Di riflesso intendo fare anche la dichiarazione di voto, che probabilmente vi stupirà,
perché non l'avete ancora sentita.
Carissimi Colleghi Consiglieri, intendo esprimere la mia dichiarazione di voto su
questo emendamento, facendo una piccola riflessione.
L'invito che vi faccio con questo intervento è atto a prendere coscienza di una
situazione che ha ormai del grottesco. È incomprensibile come questa maggioranza
riesca ancora, nonostante le numerose osservazioni, puntuali e ragionate, a chiedere
di votare a favore di una proposta di deliberazione di questo genere. L'invito quindi è
quello di riflettere e di considerare la necessità di fermare un atto che elude le norme
del procedimento urbanistico.
Considerate seriamente quali oneri dovrà sobbarcarsi il Comune di Torino, nel caso,
molto reale, in cui i carotaggi diano esito positivo rispetto a problematiche
ambientali.
Considerate l'atto assurdo e immorale di radere al suolo l'Arena Rock, costruita non
più di cinque anni fa e costata a questa Amministrazione quasi 5 milioni di Euro.
Considerate i reali vantaggi che avrà la cittadinanza da questa operazione.
Considerate invece i reali vantaggi che avranno i privati da questa operazione.

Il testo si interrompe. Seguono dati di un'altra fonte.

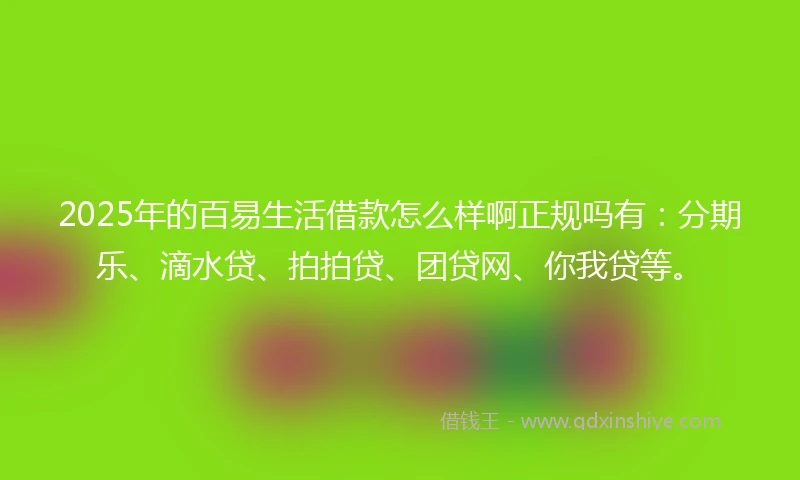 2025年的百易生活借款怎么样啊正规吗有：分期乐、滴水贷、拍拍贷、团贷网、你我贷等。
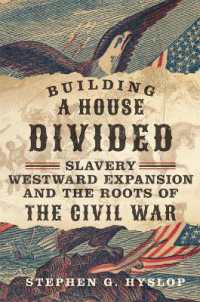 Building a House Divided : Slavery, Westward Expansion, and the Roots of the Civil War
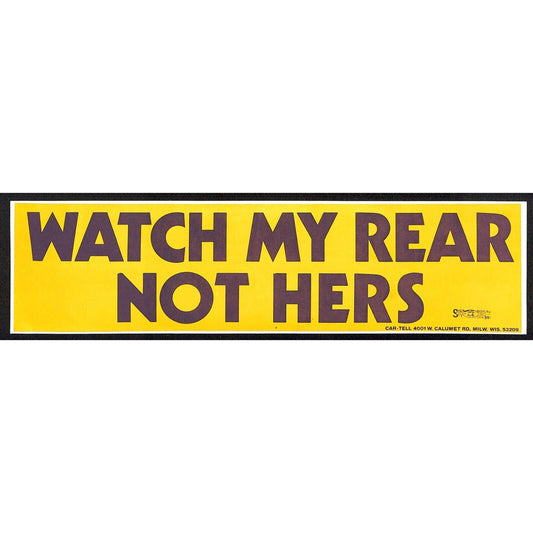 Watch My Rear - Not Hers c1980's Trucker Bumper Sticker - VGC Scarce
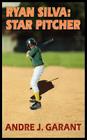 Ryan Silva: Star Pitcher By Andre J. Garant Cover Image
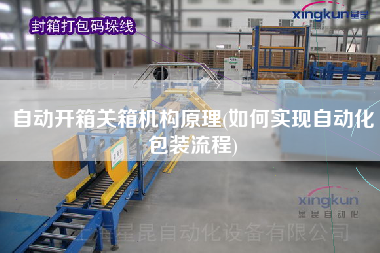 自動開箱關箱機構原理(如何實現自動化包裝流程)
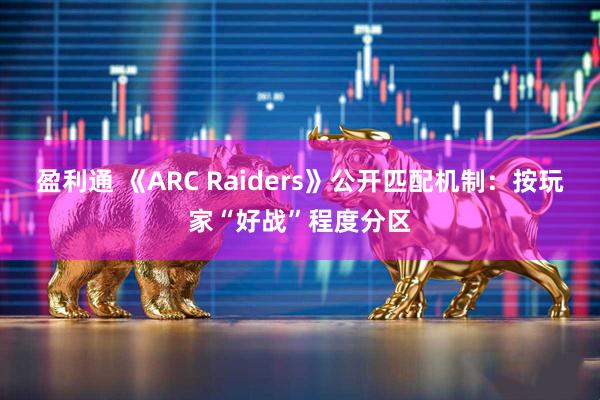 盈利通 《ARC Raiders》公开匹配机制：按玩家“好战”程度分区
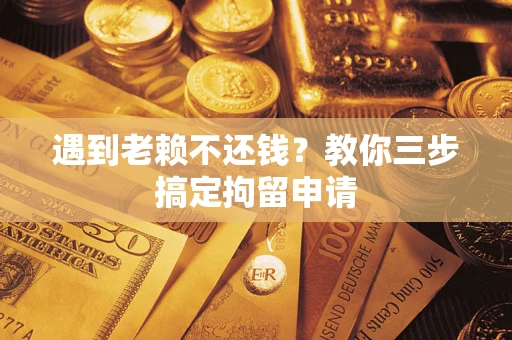 济南遇到老赖不还钱？教你三步搞定拘留申请
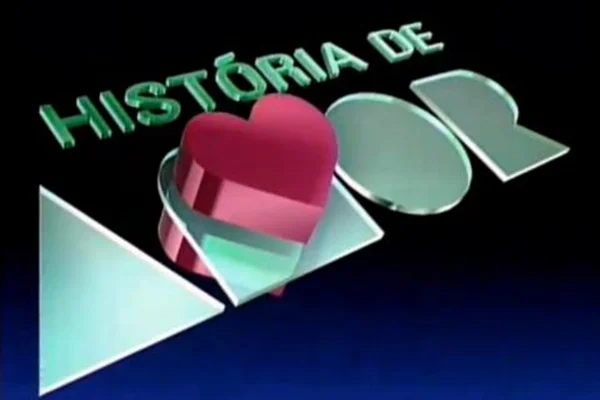 Logo da novela História de Amor, da Globo - Metrópoles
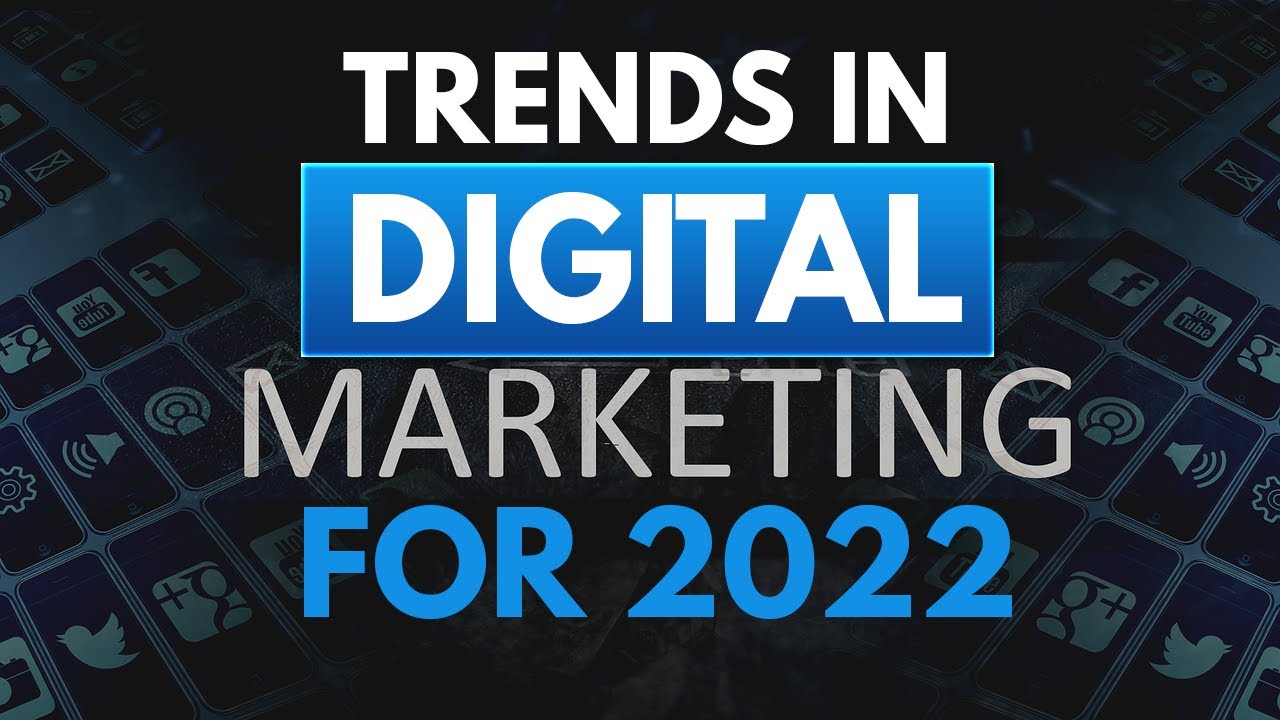 Trends in Digital Marketing for 2022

LEVI Marta (Vicepresidente)
Qual è il parere della Giunta?

CURTI Ilda (Assessore)
Il parere della Giunta è negativo.

LEVI Marta (Vicepresidente)
Non essendoci altre richieste di intervento, pongo in votazione l'accorpamento degli
emendamenti dal n. 30 al n. 314:
presenti 24, favorevoli 3, contrari 20, astenuto 1.
L'accorpamento degli emendamenti dal n. 30 al n. 314 è respinto.

LEVI Marta (Vicepresidente)
In seguito alla votazione di cui sopra, gli emendamenti originali dal n. 30 al 314
(escluso il n. 253) sono inseriti nel presente verbale all'appendice degli emendamenti
respinti, codificati sequenzialmente dal n. al n. .
L'emendamento n. 253, presentato dall'Assessore Curti, recita:

LEVI Marta (Vicepresidente)
Questo emendamento era già stato illustrato. Ricordo per tutti che era con le
deduzioni all'osservazione del "salviamo il paesaggio".
La parola al Consigliere Bertola.

BERTOLA Vittorio
Soltanto per annunciare il nostro voto favorevole, ringraziando per il fatto che le
controdeduzioni sono state prese e inserite nella proposta di deliberazione.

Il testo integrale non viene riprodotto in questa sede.